▸ INFORMATION SHOWN
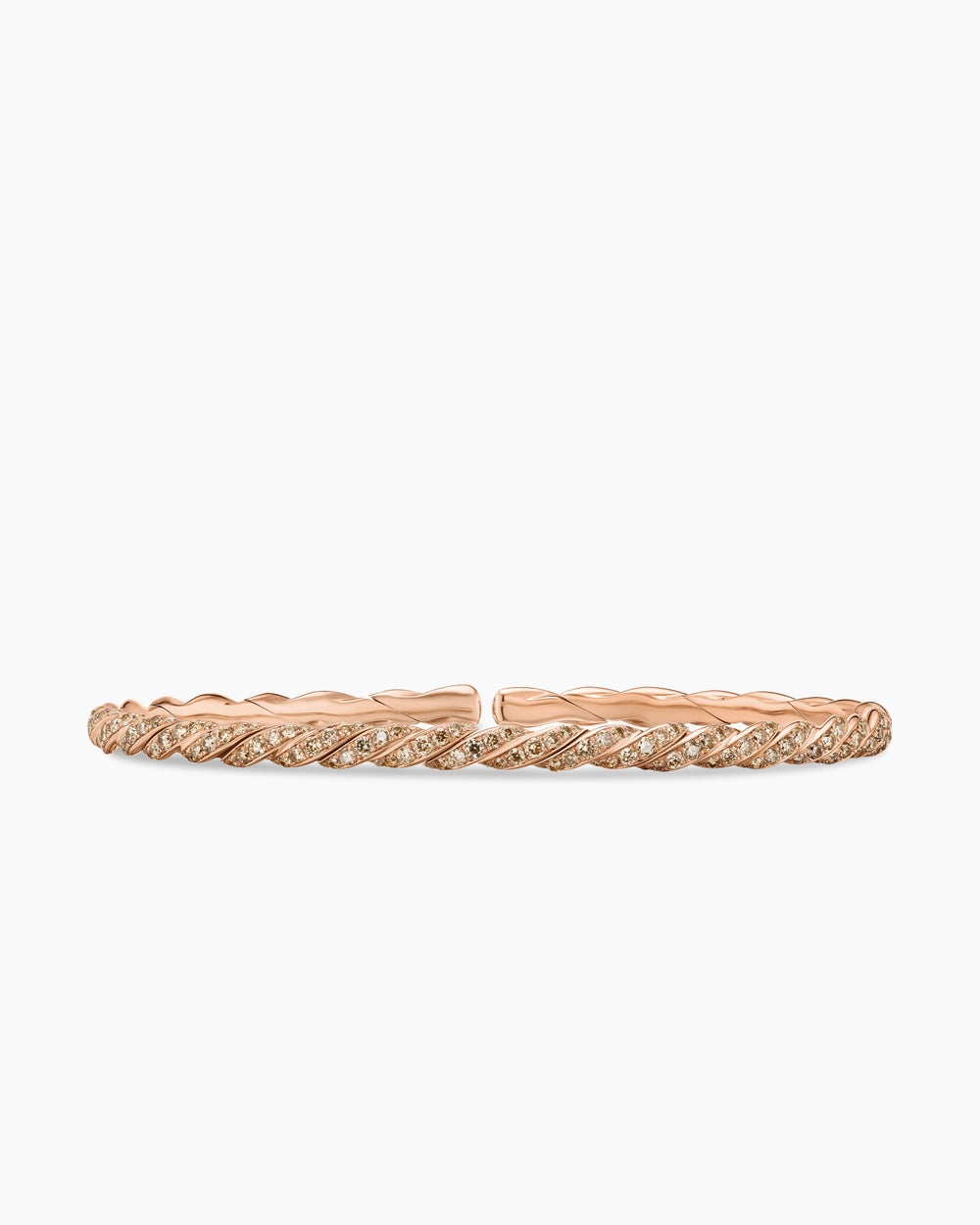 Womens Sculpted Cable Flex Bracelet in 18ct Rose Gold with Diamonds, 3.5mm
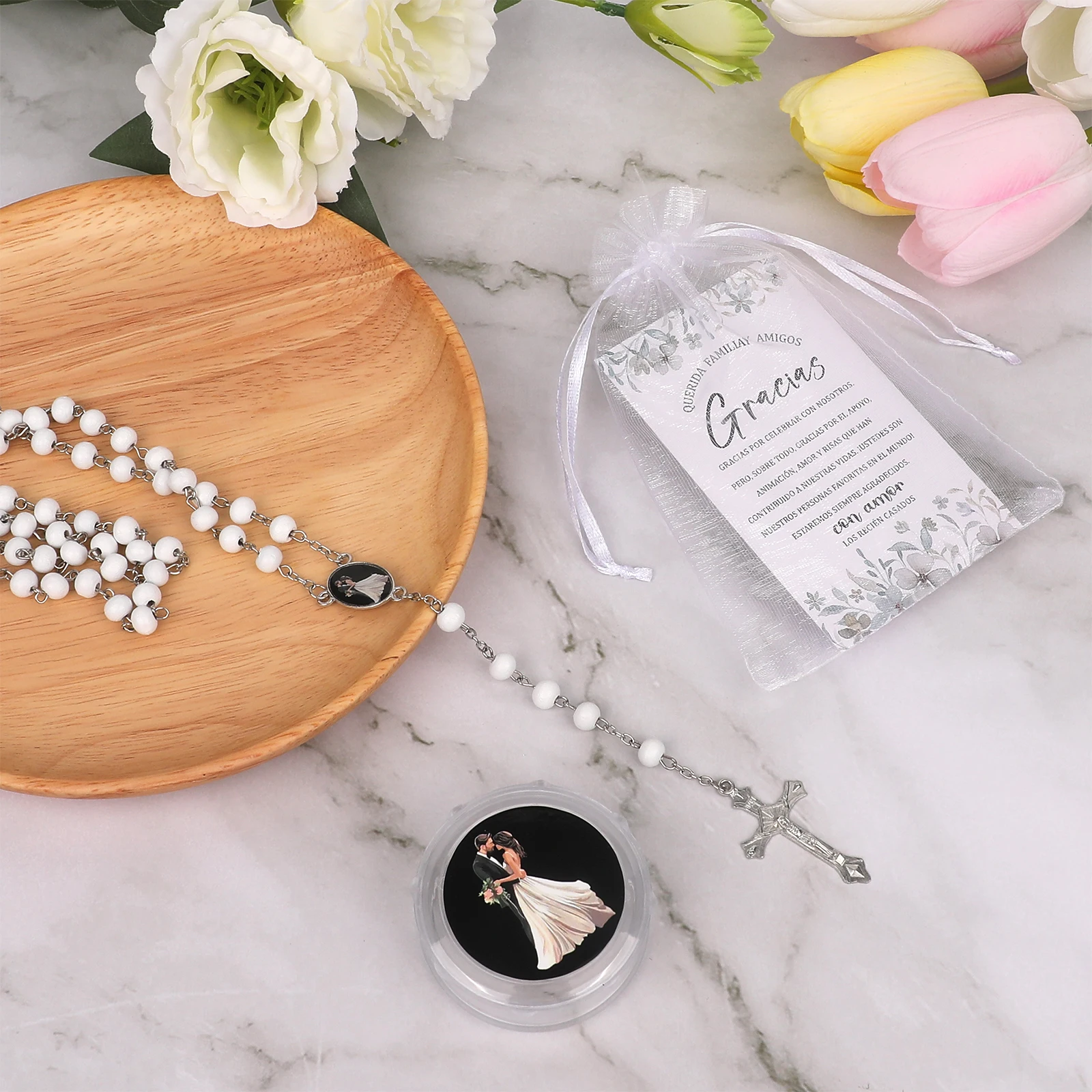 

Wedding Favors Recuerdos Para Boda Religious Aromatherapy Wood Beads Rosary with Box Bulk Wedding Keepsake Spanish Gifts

...

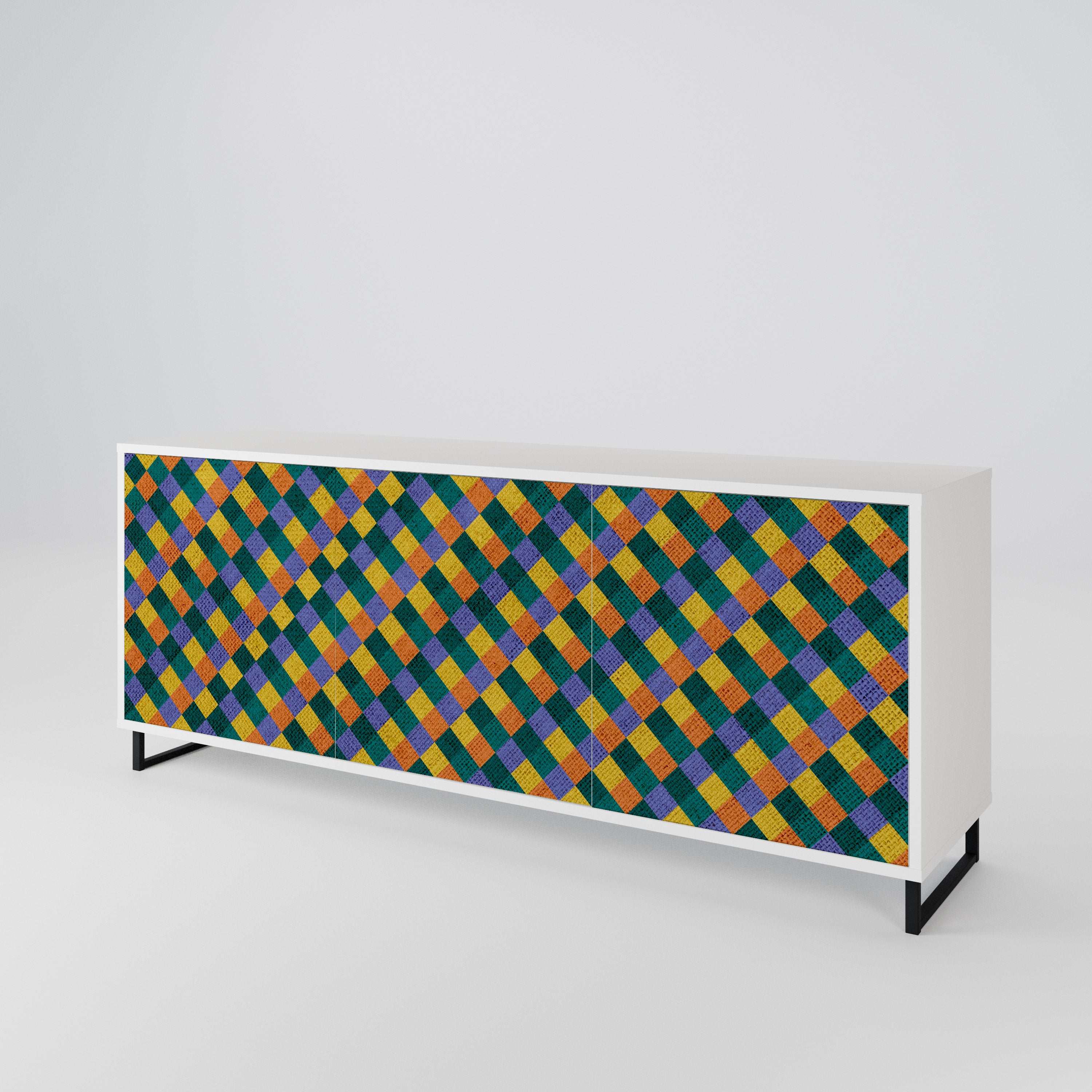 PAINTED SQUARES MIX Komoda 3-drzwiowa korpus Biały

---

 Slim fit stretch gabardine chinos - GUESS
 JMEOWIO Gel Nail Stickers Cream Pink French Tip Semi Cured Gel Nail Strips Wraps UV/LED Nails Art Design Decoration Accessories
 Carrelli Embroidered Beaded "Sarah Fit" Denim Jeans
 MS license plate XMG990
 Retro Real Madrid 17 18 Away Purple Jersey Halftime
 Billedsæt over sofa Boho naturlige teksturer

▸ PROBLEM TO WORK ON
The output should be exactly the lines above from the line containing "JMEOWIO Gel Nail" to the line containing "Billedsæt over sofa Boho naturlige teksturer", inclusive, with no other lines.

▸ TASK SOLUTION
 JMEOWIO Gel Nail Stickers Cream Pink French Tip Semi Cured Gel Nail Strips Wraps UV/LED Nails Art Design Decoration Accessories
 Carrelli Embroidered Beaded "Sarah Fit" Denim Jeans
 MS license plate XMG990
 Retro Real Madrid 17 18 Away Purple Jersey Halftime
 Billedsæt over sofa Boho naturlige teksturer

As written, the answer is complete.